→ ABOUT THIS TASK:
Every record needs to be repeated exactly; its pictures do not.

(Captioned web image data)
################
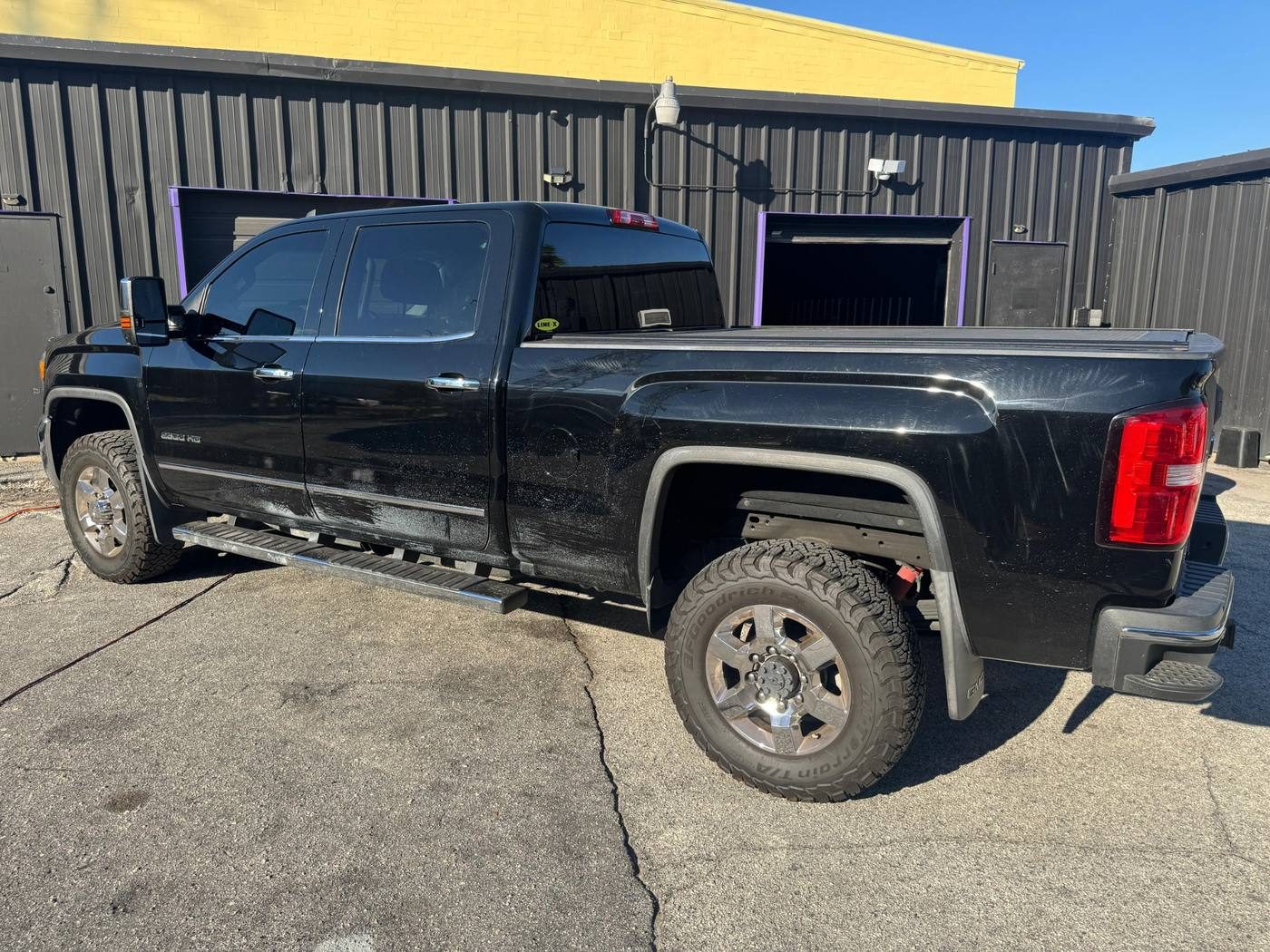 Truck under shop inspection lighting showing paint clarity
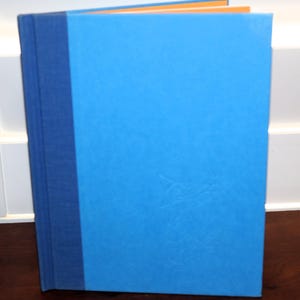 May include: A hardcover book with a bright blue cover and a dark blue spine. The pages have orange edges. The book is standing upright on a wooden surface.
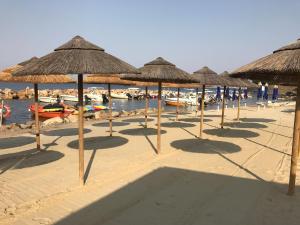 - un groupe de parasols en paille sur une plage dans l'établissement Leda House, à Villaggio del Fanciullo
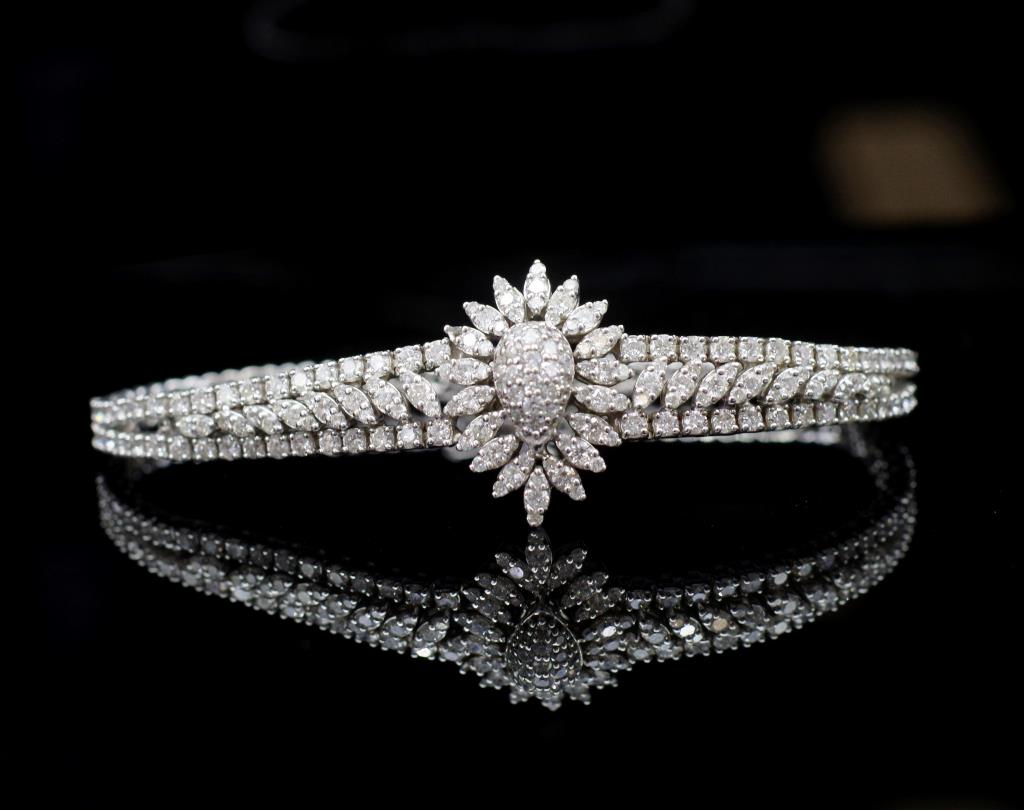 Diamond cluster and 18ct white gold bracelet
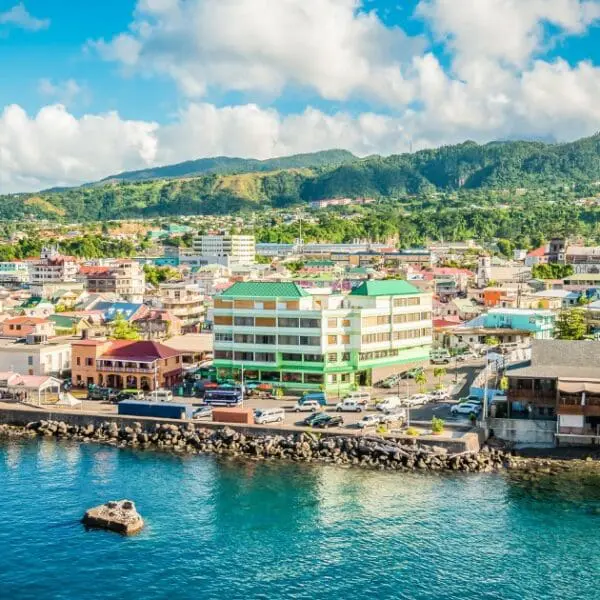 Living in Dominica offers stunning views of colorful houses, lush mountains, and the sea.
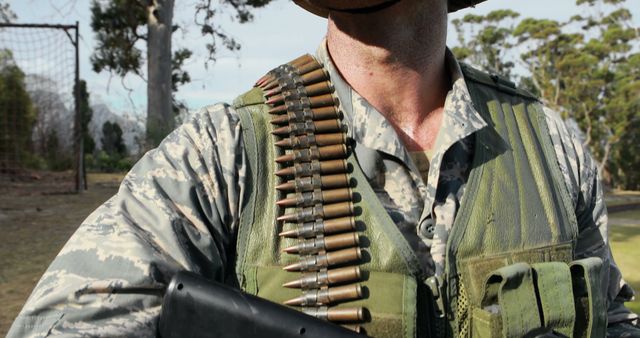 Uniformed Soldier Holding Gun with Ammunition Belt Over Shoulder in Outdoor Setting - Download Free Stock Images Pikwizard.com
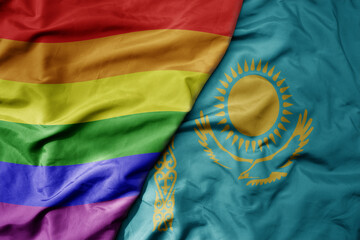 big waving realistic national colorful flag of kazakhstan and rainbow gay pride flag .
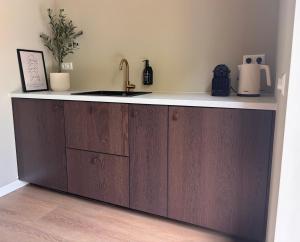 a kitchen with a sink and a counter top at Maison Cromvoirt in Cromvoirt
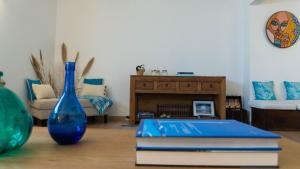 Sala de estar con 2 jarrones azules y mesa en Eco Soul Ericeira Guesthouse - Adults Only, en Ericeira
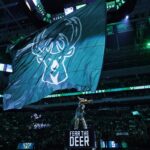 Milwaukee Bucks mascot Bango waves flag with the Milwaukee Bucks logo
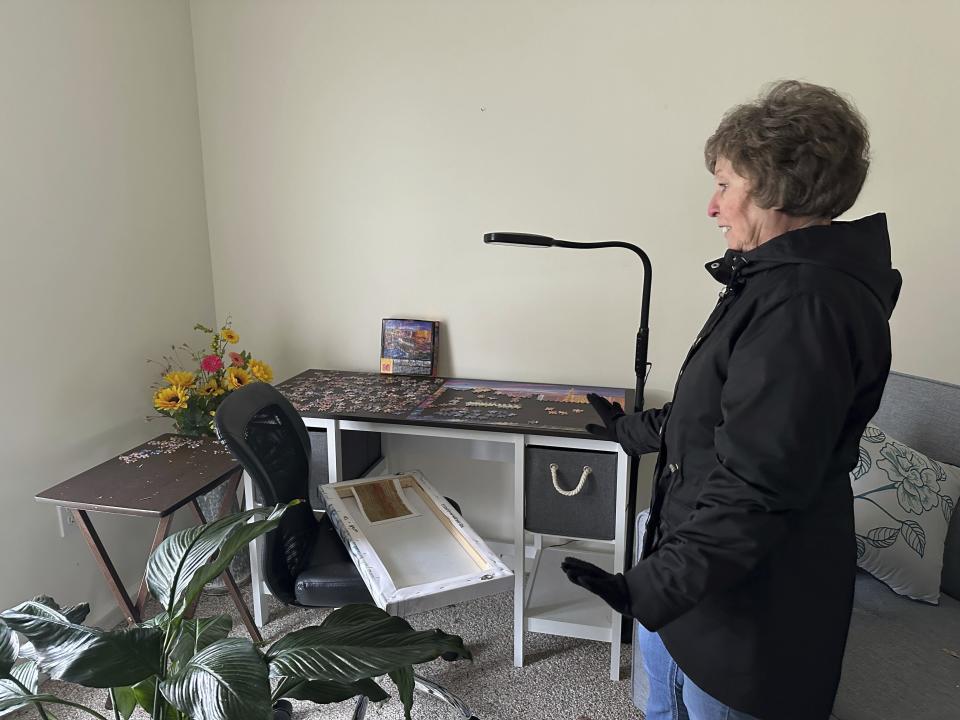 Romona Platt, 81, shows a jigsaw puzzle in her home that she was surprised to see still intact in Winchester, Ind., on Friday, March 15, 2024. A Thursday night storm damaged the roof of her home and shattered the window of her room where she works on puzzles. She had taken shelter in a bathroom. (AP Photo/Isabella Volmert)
################
→ REPLY TO THE EXERCISE:
 Truck under shop inspection lighting showing paint clarity
 May include: A hardcover book with a bright blue cover and a dark blue spine. The pages have orange edges. The book is standing upright on a wooden surface.
 - un groupe de parasols en paille sur une plage dans l'établissement Leda House, à Villaggio del Fanciullo
 Diamond cluster and 18ct white gold bracelet
 Living in Dominica offers stunning views of colorful houses, lush mountains, and the sea.
 Uniformed Soldier Holding Gun with Ammunition Belt Over Shoulder in Outdoor Setting - Download Free Stock Images Pikwizard.com
 big waving realistic national colorful flag of kazakhstan and rainbow gay pride flag .
 a kitchen with a sink and a counter top at Maison Cromvoirt in Cromvoirt
 Sala de estar con 2 jarrones azules y mesa en Eco Soul Ericeira Guesthouse - Adults Only, en Ericeira
 Milwaukee Bucks mascot Bango waves flag with the Milwaukee Bucks logo
 Romona Platt, 81, shows a jigsaw puzzle in her home that she was surprised to see still intact in Winchester, Ind., on Friday, March 15, 2024. A Thursday night storm damaged the roof of her home and shattered the window of her room where she works on puzzles. She had taken shelter in a bathroom. (AP Photo/Isabella Volmert)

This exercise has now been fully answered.